Exactly as it appears, restate the whole listing.

▸ **Records for the task**
• • • • •

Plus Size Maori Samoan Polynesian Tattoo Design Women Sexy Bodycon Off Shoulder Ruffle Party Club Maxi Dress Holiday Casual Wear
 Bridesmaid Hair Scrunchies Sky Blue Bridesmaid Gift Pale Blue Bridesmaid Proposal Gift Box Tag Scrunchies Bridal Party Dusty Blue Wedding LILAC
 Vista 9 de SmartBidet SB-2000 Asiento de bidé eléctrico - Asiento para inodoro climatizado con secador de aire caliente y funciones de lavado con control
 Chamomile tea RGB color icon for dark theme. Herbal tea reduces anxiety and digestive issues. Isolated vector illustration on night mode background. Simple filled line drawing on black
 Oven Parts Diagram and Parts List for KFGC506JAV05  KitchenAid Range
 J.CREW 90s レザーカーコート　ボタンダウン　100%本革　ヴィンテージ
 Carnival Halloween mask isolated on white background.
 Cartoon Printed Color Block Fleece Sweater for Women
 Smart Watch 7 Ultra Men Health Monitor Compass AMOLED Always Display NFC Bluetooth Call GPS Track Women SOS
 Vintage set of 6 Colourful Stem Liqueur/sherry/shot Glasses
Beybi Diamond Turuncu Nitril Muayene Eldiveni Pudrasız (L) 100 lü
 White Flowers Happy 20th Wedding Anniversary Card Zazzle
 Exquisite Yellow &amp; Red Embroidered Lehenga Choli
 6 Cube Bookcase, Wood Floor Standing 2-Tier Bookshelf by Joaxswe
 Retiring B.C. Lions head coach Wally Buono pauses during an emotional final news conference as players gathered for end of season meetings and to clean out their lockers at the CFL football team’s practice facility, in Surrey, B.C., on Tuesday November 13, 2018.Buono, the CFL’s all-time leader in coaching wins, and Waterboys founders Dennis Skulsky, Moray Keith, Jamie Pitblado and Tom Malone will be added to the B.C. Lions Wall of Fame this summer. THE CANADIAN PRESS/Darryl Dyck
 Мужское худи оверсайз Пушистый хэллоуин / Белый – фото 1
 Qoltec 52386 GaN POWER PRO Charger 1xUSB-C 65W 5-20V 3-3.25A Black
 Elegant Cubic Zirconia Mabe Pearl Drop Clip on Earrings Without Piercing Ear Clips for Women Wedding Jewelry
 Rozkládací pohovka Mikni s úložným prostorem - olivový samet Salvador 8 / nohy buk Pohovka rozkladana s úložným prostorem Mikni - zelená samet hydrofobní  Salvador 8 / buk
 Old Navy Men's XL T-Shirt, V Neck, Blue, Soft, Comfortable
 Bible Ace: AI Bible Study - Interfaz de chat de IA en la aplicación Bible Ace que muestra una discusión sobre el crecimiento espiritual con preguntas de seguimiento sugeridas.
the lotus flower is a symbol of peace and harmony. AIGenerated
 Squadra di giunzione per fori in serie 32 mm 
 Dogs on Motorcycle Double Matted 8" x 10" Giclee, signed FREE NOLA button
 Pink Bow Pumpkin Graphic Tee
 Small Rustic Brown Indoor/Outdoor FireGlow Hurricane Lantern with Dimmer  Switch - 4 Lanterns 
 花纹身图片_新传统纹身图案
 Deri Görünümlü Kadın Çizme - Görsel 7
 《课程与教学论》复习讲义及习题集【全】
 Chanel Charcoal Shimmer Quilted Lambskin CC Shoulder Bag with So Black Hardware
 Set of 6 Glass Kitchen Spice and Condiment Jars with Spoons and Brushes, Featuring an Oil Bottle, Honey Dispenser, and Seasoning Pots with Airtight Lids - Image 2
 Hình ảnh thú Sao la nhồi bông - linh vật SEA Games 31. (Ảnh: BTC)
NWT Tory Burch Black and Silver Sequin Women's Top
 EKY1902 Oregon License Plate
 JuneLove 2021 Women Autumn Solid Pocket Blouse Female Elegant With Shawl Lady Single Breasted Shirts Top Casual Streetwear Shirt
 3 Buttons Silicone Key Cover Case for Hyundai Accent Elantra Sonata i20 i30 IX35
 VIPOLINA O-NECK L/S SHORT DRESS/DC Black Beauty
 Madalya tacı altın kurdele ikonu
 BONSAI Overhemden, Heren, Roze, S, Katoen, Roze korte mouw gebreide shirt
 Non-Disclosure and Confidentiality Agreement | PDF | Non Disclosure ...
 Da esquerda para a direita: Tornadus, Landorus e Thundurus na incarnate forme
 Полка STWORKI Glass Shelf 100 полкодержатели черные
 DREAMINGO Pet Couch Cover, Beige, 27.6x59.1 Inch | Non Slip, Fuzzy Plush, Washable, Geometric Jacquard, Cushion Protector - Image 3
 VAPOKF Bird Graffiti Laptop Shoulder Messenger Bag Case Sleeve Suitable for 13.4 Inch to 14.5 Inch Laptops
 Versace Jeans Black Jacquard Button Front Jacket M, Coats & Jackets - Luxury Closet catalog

• • • • •

▸ **Task answer**
Plus Size Maori Samoan Polynesian Tattoo Design Women Sexy Bodycon Off Shoulder Ruffle Party Club Maxi Dress Holiday Casual Wear
 Bridesmaid Hair Scrunchies Sky Blue Bridesmaid Gift Pale Blue Bridesmaid Proposal Gift Box Tag Scrunchies Bridal Party Dusty Blue Wedding LILAC
 Vista 9 de SmartBidet SB-2000 Asiento de bidé eléctrico - Asiento para inodoro climatizado con secador de aire caliente y funciones de lavado con control
 Chamomile tea RGB color icon for dark theme. Herbal tea reduces anxiety and digestive issues. Isolated vector illustration on night mode background. Simple filled line drawing on black
 Oven Parts Diagram and Parts List for KFGC506JAV05  KitchenAid Range
 J.CREW 90s レザーカーコート　ボタンダウン　100%本革　ヴィンテージ
 Carnival Halloween mask isolated on white background.
 Cartoon Printed Color Block Fleece Sweater for Women
 Smart Watch 7 Ultra Men Health Monitor Compass AMOLED Always Display NFC Bluetooth Call GPS Track Women SOS
 Vintage set of 6 Colourful Stem Liqueur/sherry/shot Glasses
Beybi Diamond Turuncu Nitril Muayene Eldiveni Pudrasız (L) 100 lü
 White Flowers Happy 20th Wedding Anniversary Card Zazzle
 Exquisite Yellow &amp; Red Embroidered Lehenga Choli
 6 Cube Bookcase, Wood Floor Standing 2-Tier Bookshelf by Joaxswe
 Retiring B.C. Lions head coach Wally Buono pauses during an emotional final news conference as players gathered for end of season meetings and to clean out their lockers at the CFL football team’s practice facility, in Surrey, B.C., on Tuesday November 13, 2018.Buono, the CFL’s all-time leader in coaching wins, and Waterboys founders Dennis Skulsky, Moray Keith, Jamie Pitblado and Tom Malone will be added to the B.C. Lions Wall of Fame this summer. THE CANADIAN PRESS/Darryl Dyck
 Мужское худи оверсайз Пушистый хэллоуин / Белый – фото 1
 Qoltec 52386 GaN POWER PRO Charger 1xUSB-C 65W 5-20V 3-3.25A Black
 Elegant Cubic Zirconia Mabe Pearl Drop Clip on Earrings Without Piercing Ear Clips for Women Wedding Jewelry
 Rozkládací pohovka Mikni s úložným prostorem - olivový samet Salvador 8 / nohy buk Pohovka rozkladana s úložným prostorem Mikni - zelená samet hydrofobní  Salvador 8 / buk
 Old Navy Men's XL T-Shirt, V Neck, Blue, Soft, Comfortable
 Bible Ace: AI Bible Study - Interfaz de chat de IA en la aplicación Bible Ace que muestra una discusión sobre el crecimiento espiritual con preguntas de seguimiento sugeridas.
the lotus flower is a symbol of peace and harmony. AIGenerated
 Squadra di giunzione per fori in serie 32 mm 
 Dogs on Motorcycle Double Matted 8" x 10" Giclee, signed FREE NOLA button
 Pink Bow Pumpkin Graphic Tee
 Small Rustic Brown Indoor/Outdoor FireGlow Hurricane Lantern with Dimmer  Switch - 4 Lanterns 
 花纹身图片_新传统纹身图案
 Deri Görünümlü Kadın Çizme - Görsel 7
 《课程与教学论》复习讲义及习题集【全】
 Chanel Charcoal Shimmer Quilted Lambskin CC Shoulder Bag with So Black Hardware
 Set of 6 Glass Kitchen Spice and Condiment Jars with Spoons and Brushes, Featuring an Oil Bottle, Honey Dispenser, and Seasoning Pots with Airtight Lids - Image 2
 Hình ảnh thú Sao la nhồi bông - linh vật SEA Games 31. (Ảnh: BTC)
NWT Tory Burch Black and Silver Sequin Women's Top
 EKY1902 Oregon License Plate
 JuneLove 2021 Women Autumn Solid Pocket Blouse Female Elegant With Shawl Lady Single Breasted Shirts Top Casual Streetwear Shirt
 3 Buttons Silicone Key Cover Case for Hyundai Accent Elantra Sonata i20 i30 IX35
 VIPOLINA O-NECK L/S SHORT DRESS/DC Black Beauty
 Madalya tacı altın kurdele ikonu
 BONSAI Overhemden, Heren, Roze, S, Katoen, Roze korte mouw gebreide shirt
 Non-Disclosure and Confidentiality Agreement | PDF | Non Disclosure ...
 Da esquerda para a direita: Tornadus, Landorus e Thundurus na incarnate forme
 Полка STWORKI Glass Shelf 100 полкодержатели черные
 DREAMINGO Pet Couch Cover, Beige, 27.6x59.1 Inch | Non Slip, Fuzzy Plush, Washable, Geometric Jacquard, Cushion Protector - Image 3
 VAPOKF Bird Graffiti Laptop Shoulder Messenger Bag Case Sleeve Suitable for 13.4 Inch to 14.5 Inch Laptops
 Versace Jeans Black Jacquard Button Front Jacket M, Coats & Jackets - Luxury Closet catalog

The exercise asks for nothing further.